Baumbach seems mainly interested in capturing the whimsical rhythms of unformed post-college life, with money too scarce and roommates too ample — but he already did that, did it better and with more rueful feeling, in the much funnier “Kicking and Screaming,” the debut he made at 25 and one of the best films of the 1990s.

Is it too much to hope that, at 43, Baumbach (who in the meantime made the excellent “The Squid and the Whale” and “Margot at the Wedding,” then the prickly “Greenberg”) would have more to say than he does here, where people say of themselves, “I’m so embarrassed — I’m not a real person yet”? Someone notes that nobody ever says “I’m not here to make friends” except on reality TV. Perspicacious and wry — but the line isn’t hilarious, it’s thrown out randomly (by a background character of no consequence) and like most of the one-liners it has nothing to do with anything.
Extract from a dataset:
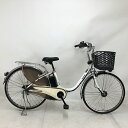 【クーポン対象★8/1(金)~8/31(日)23:59まで】【新品充電器】中古 自転車 激安 電動アシスト パナソニック 26インチ 内装3段 整備士点検済み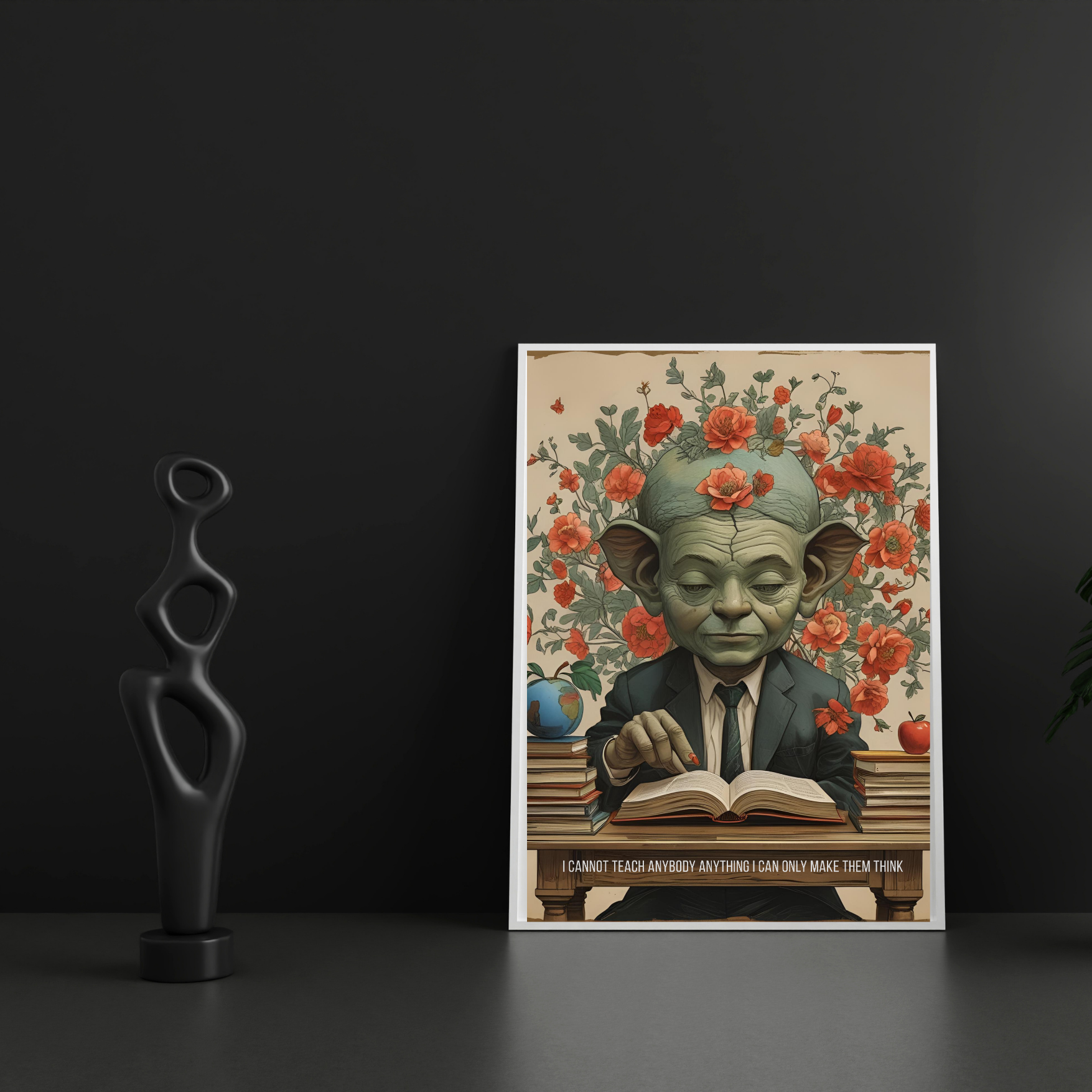 Teacher | Large Matte Effect Wall Art for any living or work space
Baumbach’s wit is not to be dismissed — “Don’t mind me, I’m just trying to get your attention” is self-contradiction worthy of Oscar Wilde — but it’s not enough, either. A character in a novel by Baumbach’s fellow Gen-Xer Bret Easton Ellis ruminates despondently on the U2 lyric, “We’ll slide down the surface of things.” Frances might add, “And then let’s go get ice cream!”